What this task involves »
Each line from the start of the records through the line containing "Steve battling an" is to be transcribed exactly, and no other line is to be included.

Task inputs »
● ● ● ●

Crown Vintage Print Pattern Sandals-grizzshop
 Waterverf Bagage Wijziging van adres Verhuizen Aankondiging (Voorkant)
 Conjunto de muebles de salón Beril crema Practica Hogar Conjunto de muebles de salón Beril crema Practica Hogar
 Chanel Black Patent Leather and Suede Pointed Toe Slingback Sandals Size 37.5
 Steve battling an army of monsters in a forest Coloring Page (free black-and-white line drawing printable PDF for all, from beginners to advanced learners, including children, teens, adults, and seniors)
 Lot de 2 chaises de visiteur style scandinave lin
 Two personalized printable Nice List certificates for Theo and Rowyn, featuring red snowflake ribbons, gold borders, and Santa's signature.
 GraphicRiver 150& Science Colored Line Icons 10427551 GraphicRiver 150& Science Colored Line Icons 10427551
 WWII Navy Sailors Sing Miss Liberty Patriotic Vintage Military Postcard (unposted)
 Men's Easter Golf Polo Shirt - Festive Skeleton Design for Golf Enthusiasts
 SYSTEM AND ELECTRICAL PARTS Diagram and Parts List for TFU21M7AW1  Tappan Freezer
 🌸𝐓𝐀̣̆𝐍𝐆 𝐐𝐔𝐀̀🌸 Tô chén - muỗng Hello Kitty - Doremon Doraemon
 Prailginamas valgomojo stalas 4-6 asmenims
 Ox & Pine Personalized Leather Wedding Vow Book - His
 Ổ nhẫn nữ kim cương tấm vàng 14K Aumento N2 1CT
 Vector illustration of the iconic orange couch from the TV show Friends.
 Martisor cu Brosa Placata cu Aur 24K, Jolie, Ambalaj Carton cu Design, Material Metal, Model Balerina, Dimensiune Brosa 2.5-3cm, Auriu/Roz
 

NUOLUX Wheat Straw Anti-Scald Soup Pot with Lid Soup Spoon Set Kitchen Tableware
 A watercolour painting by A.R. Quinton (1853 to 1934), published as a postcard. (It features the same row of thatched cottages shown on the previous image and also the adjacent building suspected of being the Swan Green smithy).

● ● ● ●

Written answer »
Crown Vintage Print Pattern Sandals-grizzshop
 Waterverf Bagage Wijziging van adres Verhuizen Aankondiging (Voorkant)
 Conjunto de muebles de salón Beril crema Practica Hogar Conjunto de muebles de salón Beril crema Practica Hogar
 Chanel Black Patent Leather and Suede Pointed Toe Slingback Sandals Size 37.5
 Steve battling an army of monsters in a forest Coloring Page (free black-and-white line drawing printable PDF for all, from beginners to advanced learners, including children, teens, adults, and seniors)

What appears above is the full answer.